The movie was different, but the outcome was the same.
“The Tillman Story,” an acclaimed documentary about football-player-turned-soldier Pat Tillman, has lost its appeal to have the Motion Picture Association of America overturn the “R” rating it had been given for language.
The ruling came exactly one week after the award-winning Holocaust documentary “A Film Unfinished” also lost in its attempt to have its “R” changed to a “PG-13.”
Both films appealed on the grounds that their subject matter made them historically important documents that deserved to be shown in schools and viewed by teens who might not have access if the films were released with “R” ratings.
“The language in this film is not gratuitous,” said director Amir Bar-Lev in a Weinstein Company press release issued before the appeal took place. “I think this is how many people would react when faced with the unthinkable. Giving this film an ‘R’ rating prevents young people from seeing this film; the very people who should be exposed to a great American like Pat Tillman.”
The language for which the film was flagged includes the last words spoken by Tillman as he was being fired upon by American troops: “I’m Pat F—ing Tillman!”
Bar-Lev and producer John Battsek presented their case on Thursday morning, after their film was screened before the MPAA’s appeals board in the organization’s San Fernando Valley headquarters.
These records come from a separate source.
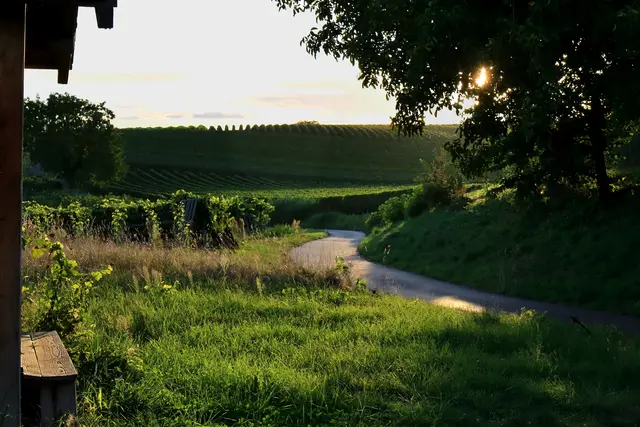 Abendstimmung in den Lauffener Weinbergen (Geigersberg) | Foto: Frank-M. Zahn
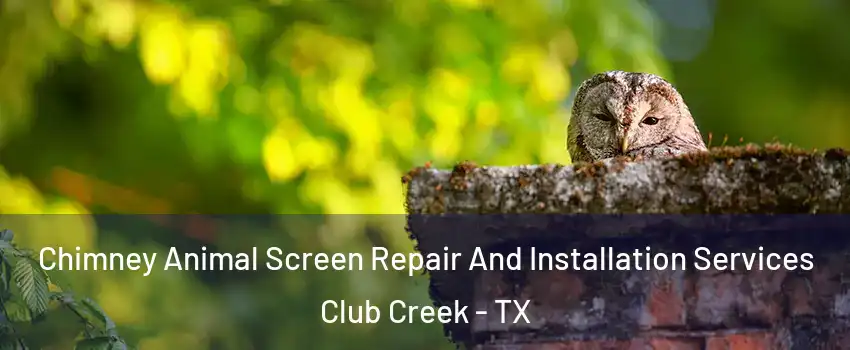 Chimney Animal Screen Repair And Installation Services Club Creek - TX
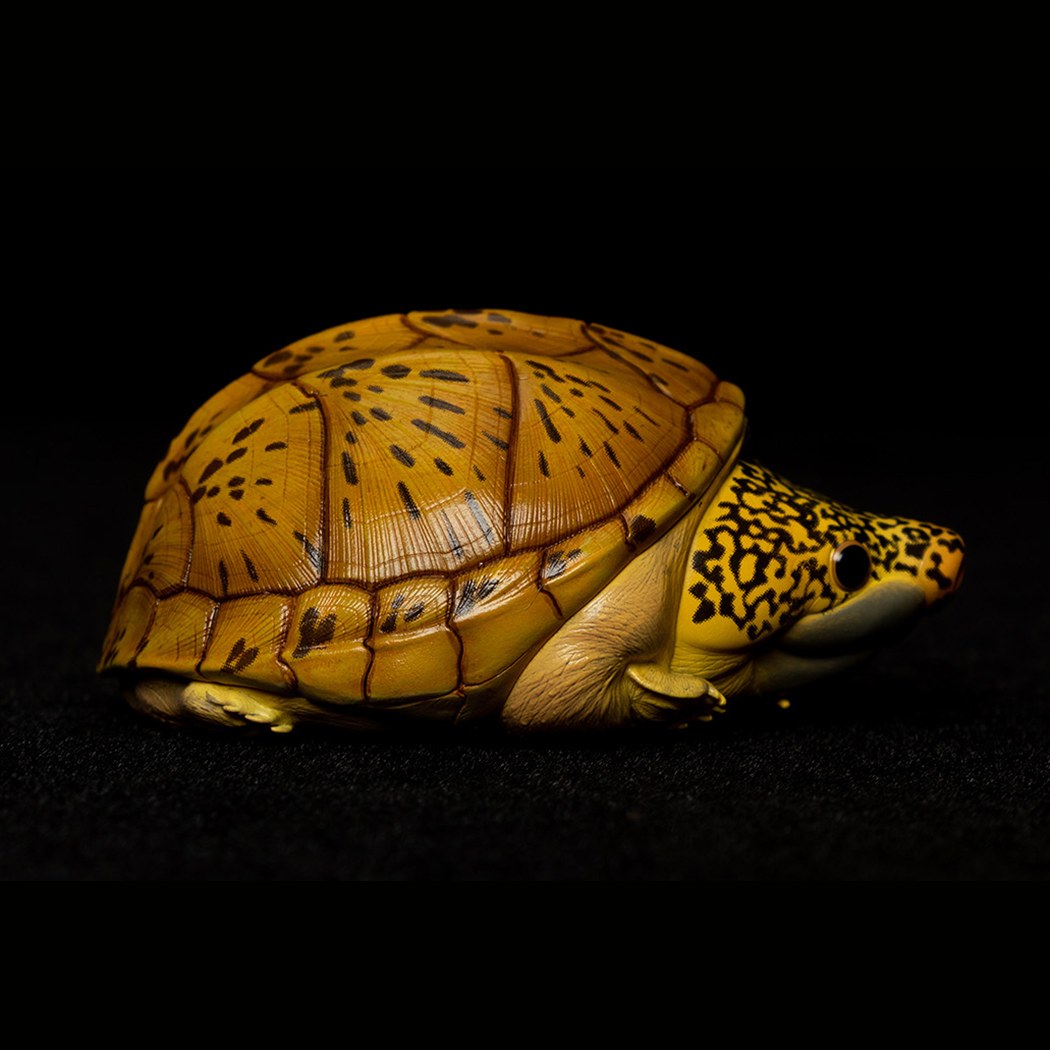 AHB Series 8 - Giant Musk Turtle – Staurotypus salvinii | Turtle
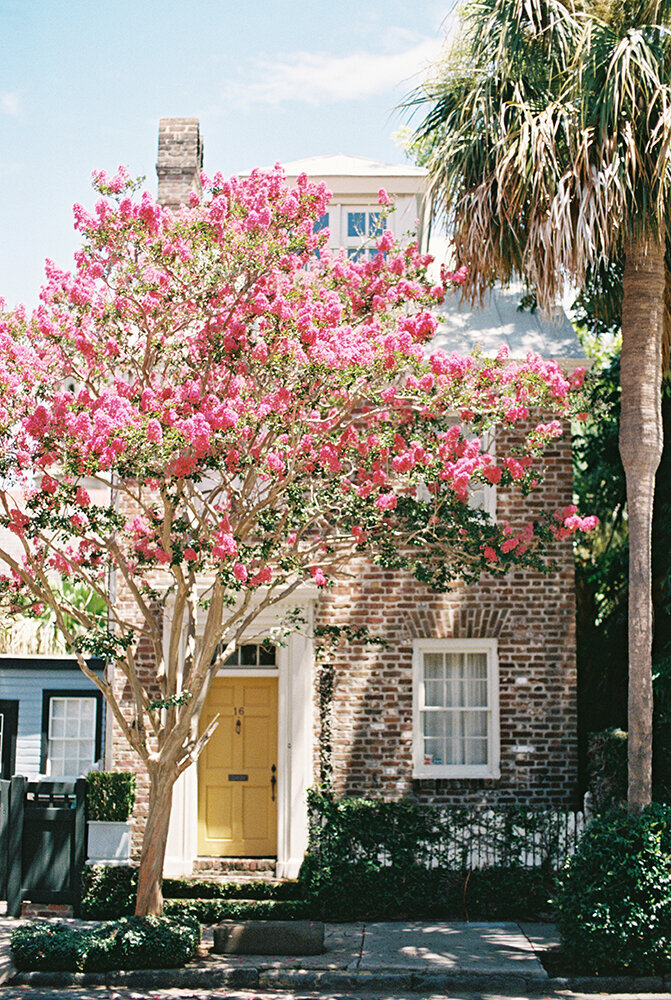 street in charleston with pink tree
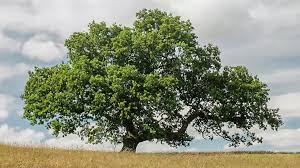 Check spelling or type a new query. A Year In The Life Of An English Oak Tree The Kid Should See This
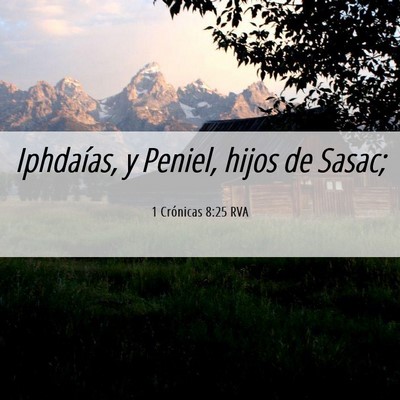 Picture 06 - 1 Crónicas 8:25 RVA - Iphdaías, y Peniel, hijos de - Bible Verse Picture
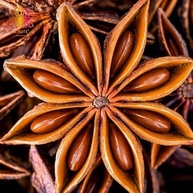 Anis Estrelado Premium | Ca.Nuts | Linha premium de Especiarias (100g) - imagem 4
The board is made up of major-studio executives, and representatives from film exhibition companies.
The industry insiders who comprise the board, though, are reportedly asked by the MPAA to view films from the perspective of parents.
(The initial ratings board is made up of anonymous parents of school-age children.)
Six years ago, in a similar case to "The Tillman Story," the Iraq-set documentary “Gunner Palace" won an appeal to overturn an “R” rating based on the film's language. “It helped us that [then MPAA head] Jack Valenti had gone on record defending the violence and the language in ‘Saving Private Ryan,’” that film’s director, Michael Tucker, told theWrap.
“The initial rating seemed to be based on very strict rules with no thought of context, but I felt like the appeals board was there to consider context and the community standards.”
In the Valenti era, filmmakers who appealed were not allowed to cite precedent or mention other films, but that rule was relaxed under Valenti’s successor, Dan Glickman.
In recent years, ratings appeals have become infrequent; it’s extremely rare to have two in as many weeks.
Last year, Universal’s Vince Vaughan comedy “Couples Retreat” and the low-budget Patrick Warburton/Andy Dick film “Rock Slyde” both won on appeal and had their ratings reduced from "R" to "PG-13." The vampire film “Shadowland” also appealed its "R rating," lost, and was released in an unrated version.